Monitoring Cerebral Oxygenation During Cardiac Surgery | Mitral Valve Repair Center Skip to main content

The role of the anesthesiologist in the care of patients undergoing cardiovascular surgery is to provide continual medical assessment during the perioperative period. This involves regulating vital organ functions and controlling pain and the level of consciousness to make conditions ideal for safe and successful surgery.

Despite a decline in operative mortality rates for patients undergoing cardiac surgery, neurocognitive impairment still occurs after cardiopulmonary bypass. The incidence of subtle signs of impaired performance ranges from 60 to 80%,1 and poor neurological outcomes are associated with higher rates of morbidity and mortality.

Brain injury is thought to result from cerebral ischemia during cardiopulmonary bypass, which may be a result of arterial embolism,1 global hypoperfusion of the brain,2 an interaction of the two,3 alterations of neurochemical or immune activity, or other factors.

Absorption spectra

Figure 1: Absorption spectra

Anesthesiologists at Mount Sinai are exploring ways to improve neurological outcomes in patients undergoing cardiac surgery. Among the methods under investigation to monitor cerebral perfusion is cerebral oximetry. This technology is based on near infra-red spectroscopy (NIRS) to detect changes in tissue oxygenation at the microcirculatory level, based on the absorption characteristics of the chromophores oxyhemoglobin (HbO2) and deoxyhemoglobin (Hb) in the near-infrared spectrum (Figure 1).

A "biological spectroscopic window" exists at the wavelength range 660-940 nm because only a few chromophores like Hb and HbO2 strongly absorb light in this range, allowing light to penetrate tissue to a greater distance. In this range, absorption of light by water, lipids, skin and bone are lower and generally spectrally flat compared to Hb, HbO2, and other chromophores. Cerebral oximetry measures cerebral tissue oxygen saturation (SctO2), a mixed oxygen saturation parameter that lies between arterial (SaO2) and jugular venous oxygen saturation (SjvO2) under normal physiological conditions. Complementary to SaO2, SctO2 reflects regional cerebral metabolism and the balance of cerebral oxygen supply and demand. The measurement is noninvasive and continuous.

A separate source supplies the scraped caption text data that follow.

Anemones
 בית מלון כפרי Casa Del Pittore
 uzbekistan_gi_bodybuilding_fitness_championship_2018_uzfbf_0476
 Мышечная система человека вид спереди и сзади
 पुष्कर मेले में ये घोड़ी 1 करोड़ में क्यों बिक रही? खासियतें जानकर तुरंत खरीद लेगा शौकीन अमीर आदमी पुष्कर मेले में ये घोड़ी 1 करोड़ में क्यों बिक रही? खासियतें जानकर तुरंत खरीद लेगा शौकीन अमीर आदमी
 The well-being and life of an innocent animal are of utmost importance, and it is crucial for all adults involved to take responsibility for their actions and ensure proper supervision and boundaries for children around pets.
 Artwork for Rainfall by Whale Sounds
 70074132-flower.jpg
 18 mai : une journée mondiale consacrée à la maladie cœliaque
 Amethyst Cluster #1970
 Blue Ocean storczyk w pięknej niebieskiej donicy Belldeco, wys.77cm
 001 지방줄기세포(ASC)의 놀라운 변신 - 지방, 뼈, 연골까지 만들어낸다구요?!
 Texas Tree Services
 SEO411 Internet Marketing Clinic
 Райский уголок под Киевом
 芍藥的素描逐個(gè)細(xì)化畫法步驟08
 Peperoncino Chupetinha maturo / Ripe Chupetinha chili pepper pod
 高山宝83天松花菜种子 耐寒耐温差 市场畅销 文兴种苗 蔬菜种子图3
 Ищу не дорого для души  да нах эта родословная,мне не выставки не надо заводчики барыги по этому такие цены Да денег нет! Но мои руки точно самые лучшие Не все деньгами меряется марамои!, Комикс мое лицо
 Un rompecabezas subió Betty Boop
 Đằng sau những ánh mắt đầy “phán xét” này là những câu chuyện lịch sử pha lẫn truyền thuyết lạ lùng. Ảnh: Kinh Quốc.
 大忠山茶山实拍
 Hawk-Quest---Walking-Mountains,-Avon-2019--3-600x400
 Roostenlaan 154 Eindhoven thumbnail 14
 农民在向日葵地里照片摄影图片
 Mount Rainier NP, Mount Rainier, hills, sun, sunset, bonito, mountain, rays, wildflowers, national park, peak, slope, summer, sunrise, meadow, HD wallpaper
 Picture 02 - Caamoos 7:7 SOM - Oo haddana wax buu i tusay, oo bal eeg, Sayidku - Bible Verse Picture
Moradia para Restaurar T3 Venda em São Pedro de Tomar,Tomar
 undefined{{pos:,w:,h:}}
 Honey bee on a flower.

Cerebral oximetry provides information that other types of physiological cerebral monitoring, such as electroencephalography (EEG) or transcranial Doppler (TCD) flowmetry, cannot. Other modalities, like positron emission tomography (PET), CT angiography, and magnetic resonance imaging (MRI), provide detailed but semi-quantitative and momentary information about cerebral metabolism and perfusion and are not amenable to dynamic applications in the operating room.

cerebral oxygen

Figure 2: Prior to induction of general anesthesia, frontal cerebral oximetry sensors are positioned to monitor Sct02 in both ce

In the event of cerebral oxygen desaturation, there is a well established protocol aimed at increasing SctO2, which has been effective in routine applications of cerebral oximetry (Figure 3) for patients undergoing cardiac surgery (Figure2). Low SctO2may result from several pathological conditions. Among these are failure to maintain ventilation and systemic oxygenation, cardiac output, blood pressure or hemoglobin content.

Typical pattern of Sct02

Figure 3: Typical pattern of Sct02 in a patient under-going aortic arch repair under deep hypothermic circulatory arrest (DHCA).

Investigators at Mount Sinai are pioneering research efforts to evaluate cerebral oximetry, and emerging data suggest that monitoring and optimizing SctO2 has a favorable impact on neurocognitve outcomes after cardiac surgery. Someday this or similar methodology may become a standard component of perioperative care for patients undergoing procedures requiring cardiopulmonary bypass, but today its use is limited to a few centers.

 

(This page was originally published in “The Mount Sinai Pulse”, Summer 2007 Newsletter. Written by Dr. Gregory Fischer.)

  • 1. Ergin MA, Galla 1D, Lansman SL, et al. Hypothermic circulatory arrest in operations on the thoracic aorta. Determinants of operative mortality and neurologic outcome. J Thorac Cardiovasc Surg 1994;107: 788.
  • 2. Plestis KA, Gold JP Importance of blood pressure regulation in maintaining adequate tissue perfusion during cardiopulmonary bypass. Semin Thorac Cardiovasc Surg 2001;13:170-5.
  • 3. Hagl C, Khaladj N, Karck M, et al. Hypothermic circulatory arrest during ascending and aortic arch surgery: the theoretical impact of different cerebral perfusion techniques and other methods of cerebral protection. Eur J Cardiothorac Surg Surg 2003; 24:371-378.